DORA also impacts many ICT service providers that are not within this ‘critical’ cohort through the obligations of financial companies to manage third-party risk.
The framework laid down by DORA is intended to strengthen digital operational resilience of the European financial sector as a whole. Amongst other things, it obliges in-scope entities to implement an enhanced resilience framework impacting various levels of their organisation, including cybersecurity risk management, incident management, stress tests and the management of ICT third party suppliers.
DORA is bolstered by regulatory technical standards (RTSs), implementing technical standards (ITSs) and guidelines formulated by the ESAs: EBA, EIOPA and ESMA. Some of these have already been adopted, such as the ITS on the creation of a standard template for the mandated information register, whereas others are yet to be approved.
The reporting obligations required by DORA by means of an information register are also noteworthy. Financial businesses are required to record all contractual agreements with third-party ICT service providers in a register and make details available to their competent authority on request.
"Given that DORA is now upon us, it presents affected businesses with potentially major challenges," said Florian Elsinghorst, an expert for regulated industries at Pinsent Masons. "In particular, in-scope entities need to put a lot of effort into managing ICT third party risk: the vast majority of IT services are covered by DORA. Financial organisations must adapt their existing contracts with third-party ICT service providers to be DORA-compliant, which may entail a substantial amount of contract management and negotiation work."
Andreas Carney, a technology and financial services sourcing expert at Pinsent Masons, said: "Now is a good time to take stock of what has been achieved in terms of implementation and assess what more needs to be done to achieve compliance said.
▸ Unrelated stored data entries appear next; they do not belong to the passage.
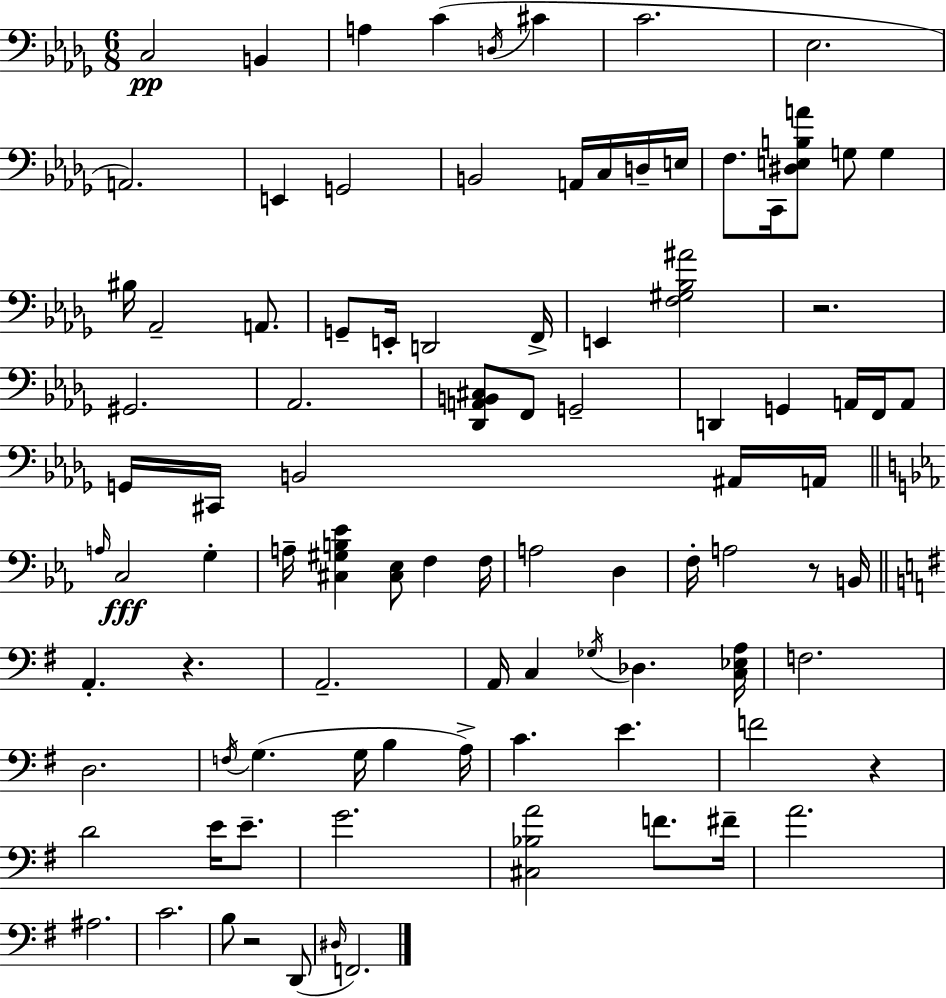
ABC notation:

X:1
T:Untitled
M:6/8
L:1/4
K:Bbm
C,2 B,, A, C D,/4 ^C C2 _E,2 A,,2 E,, G,,2 B,,2 A,,/4 C,/4 D,/4 E,/4 F,/2 C,,/4 [^D,E,B,A]/2 G,/2 G, ^B,/4 _A,,2 A,,/2 G,,/2 E,,/4 D,,2 F,,/4 E,, [F,^G,_B,^A]2 z2 ^G,,2 _A,,2 [_D,,A,,B,,^C,]/2 F,,/2 G,,2 D,, G,, A,,/4 F,,/4 A,,/2 G,,/4 ^C,,/4 B,,2 ^A,,/4 A,,/4 A,/4 C,2 G, A,/4 [^C,^G,B,_E] [^C,_E,]/2 F, F,/4 A,2 D, F,/4 A,2 z/2 B,,/4 A,, z A,,2 A,,/4 C, _G,/4 _D, [C,_E,A,]/4 F,2 D,2 F,/4 G, G,/4 B, A,/4 C E F2 z D2 E/4 E/2 G2 [^C,_B,A]2 F/2 ^F/4 A2 ^A,2 C2 B,/2 z2 D,,/2 ^D,/4 F,,2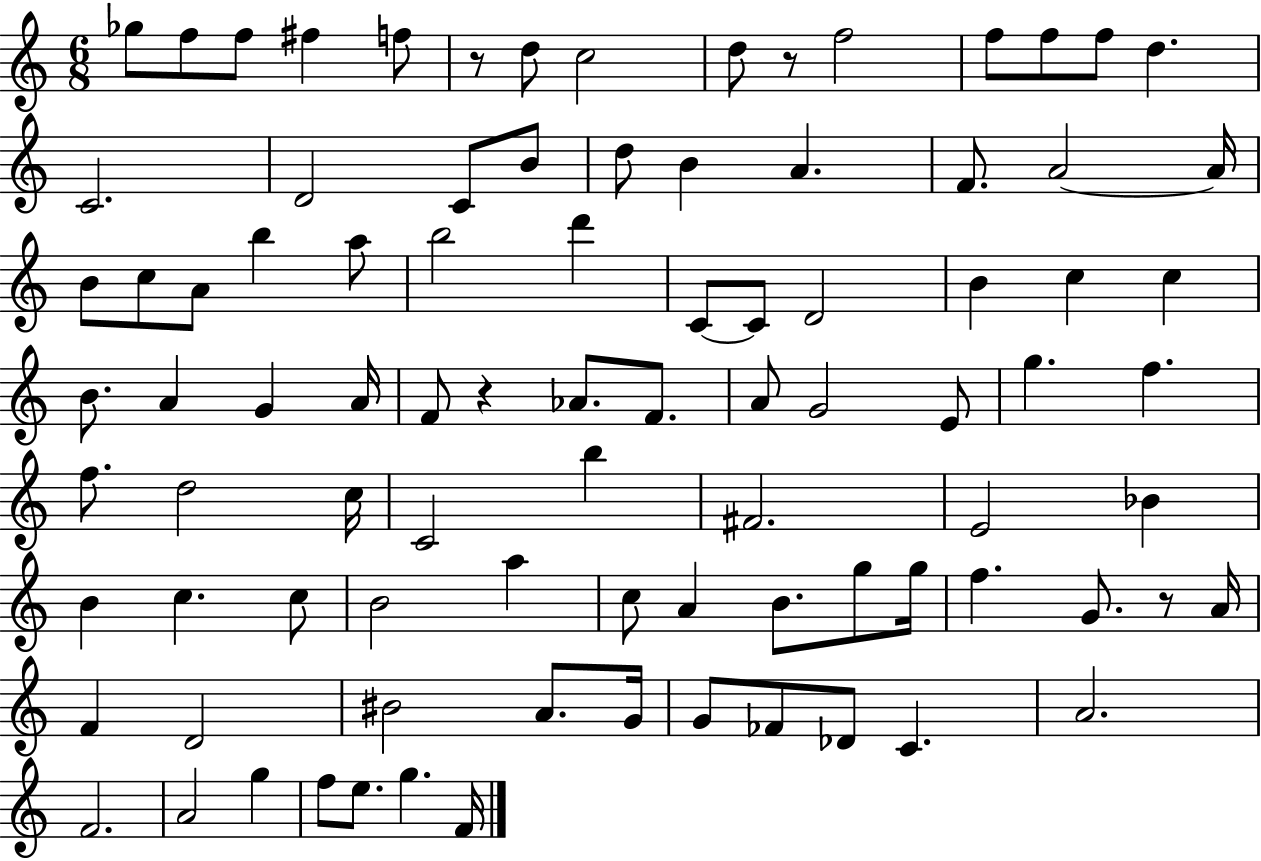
Gb5/e F5/e F5/e F#5/q F5/e R/e D5/e C5/h D5/e R/e F5/h F5/e F5/e F5/e D5/q. C4/h. D4/h C4/e B4/e D5/e B4/q A4/q. F4/e. A4/h A4/s B4/e C5/e A4/e B5/q A5/e B5/h D6/q C4/e C4/e D4/h B4/q C5/q C5/q B4/e. A4/q G4/q A4/s F4/e R/q Ab4/e. F4/e. A4/e G4/h E4/e G5/q. F5/q. F5/e. D5/h C5/s C4/h B5/q F#4/h. E4/h Bb4/q B4/q C5/q. C5/e B4/h A5/q C5/e A4/q B4/e. G5/e G5/s F5/q. G4/e. R/e A4/s F4/q D4/h BIS4/h A4/e. G4/s G4/e FES4/e Db4/e C4/q. A4/h. F4/h. A4/h G5/q F5/e E5/e. G5/q. F4/s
The application of DORA from today will no doubt draw it into sharper focus for regulators - they will be interested in the level of compliance that has been achieved."
Carney highlighted that third party risk management is naturally a key aspect of the DORA framework. DORA’s requirements in this regard apply to outsourcing arrangements but also other ICT services arrangements. "While entities may have implemented previous regulatory requirements specific to outsourcing or cloud, DORA adds another layer of requirements – as well as the need to look at their entire ICT services environment," he said. "DORA includes detailed requirements for subcontracting and these should be considered not only by the regulated entities themselves, but also third-party suppliers to those entities in how they contract and manage their own supply chain. Other aspects of DORA will also have a ‘flow down’ effect on IT service providers."
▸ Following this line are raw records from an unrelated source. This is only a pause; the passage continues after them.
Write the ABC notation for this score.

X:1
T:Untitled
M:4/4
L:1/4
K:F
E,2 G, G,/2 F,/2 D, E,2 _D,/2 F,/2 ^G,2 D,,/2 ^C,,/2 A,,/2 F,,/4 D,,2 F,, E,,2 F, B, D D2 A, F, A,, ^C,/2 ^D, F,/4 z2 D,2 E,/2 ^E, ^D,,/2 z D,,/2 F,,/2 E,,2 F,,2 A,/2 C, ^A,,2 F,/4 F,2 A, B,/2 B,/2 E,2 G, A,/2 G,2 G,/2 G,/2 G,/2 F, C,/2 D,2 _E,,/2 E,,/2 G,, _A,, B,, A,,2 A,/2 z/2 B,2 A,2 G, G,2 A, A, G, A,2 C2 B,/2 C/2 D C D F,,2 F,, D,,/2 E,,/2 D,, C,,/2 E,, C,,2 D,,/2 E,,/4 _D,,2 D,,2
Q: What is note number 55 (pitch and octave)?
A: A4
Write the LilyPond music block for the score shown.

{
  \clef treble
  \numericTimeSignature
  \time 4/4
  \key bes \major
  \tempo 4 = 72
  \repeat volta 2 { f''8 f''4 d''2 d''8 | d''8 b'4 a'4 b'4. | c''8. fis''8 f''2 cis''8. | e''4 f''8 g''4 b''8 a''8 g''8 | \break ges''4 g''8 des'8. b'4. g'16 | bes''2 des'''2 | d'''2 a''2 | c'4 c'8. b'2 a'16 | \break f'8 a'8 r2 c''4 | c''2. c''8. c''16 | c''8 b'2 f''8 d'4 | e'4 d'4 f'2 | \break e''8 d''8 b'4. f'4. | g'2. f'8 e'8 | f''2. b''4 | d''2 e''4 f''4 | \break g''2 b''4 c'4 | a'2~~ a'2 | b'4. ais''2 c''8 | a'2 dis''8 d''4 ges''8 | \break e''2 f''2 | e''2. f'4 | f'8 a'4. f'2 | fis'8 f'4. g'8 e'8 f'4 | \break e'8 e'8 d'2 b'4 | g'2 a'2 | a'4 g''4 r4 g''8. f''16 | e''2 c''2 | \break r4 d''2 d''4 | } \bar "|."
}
"Our consulting experience shows that DORA can also mean a major implementation effort for IT service providers," Daniel Widmann, also of Pinsent Masons, said. "They are asked by their clients from the financial sector to adapt existing contracts, the implementation of which may cause difficulties in practice. This is also due to the fact that IT services are often categorised differently by financial companies in terms of criticality. IT service providers are faced with the challenge of having to adapt an often standardised service for customers in the financial sector. It is therefore all the more important for IT service providers to understand which obligations are mandatory under DORA and where there is room for negotiation."
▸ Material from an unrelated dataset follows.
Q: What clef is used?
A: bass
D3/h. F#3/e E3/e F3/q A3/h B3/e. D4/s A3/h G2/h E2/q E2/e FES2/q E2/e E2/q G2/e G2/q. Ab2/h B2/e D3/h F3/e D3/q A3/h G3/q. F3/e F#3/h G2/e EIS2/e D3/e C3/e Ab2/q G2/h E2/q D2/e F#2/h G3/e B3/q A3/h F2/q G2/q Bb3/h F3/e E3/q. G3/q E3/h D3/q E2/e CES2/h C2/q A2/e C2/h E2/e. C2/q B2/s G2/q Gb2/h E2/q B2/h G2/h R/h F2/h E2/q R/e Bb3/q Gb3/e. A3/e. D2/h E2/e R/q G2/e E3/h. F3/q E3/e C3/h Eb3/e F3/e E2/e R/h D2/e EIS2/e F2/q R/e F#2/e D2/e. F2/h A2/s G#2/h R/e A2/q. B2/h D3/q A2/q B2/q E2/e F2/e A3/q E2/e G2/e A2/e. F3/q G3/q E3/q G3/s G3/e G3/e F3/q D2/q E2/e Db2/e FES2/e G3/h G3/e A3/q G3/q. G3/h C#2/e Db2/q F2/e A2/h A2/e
"We are seeing different approaches being adopted for implementation by both regulated entities and ICT suppliers," Carney said. "These vary from clients managing implementation in-house, where we support on developing an understanding of DORA’s requirements, how it applies to their business, and identifying the steps needed to comply, right through to relying on us for full end-to-end support where we advise on all of DORA’s requirements, prepare templates and manage negotiation of ICT service contracts."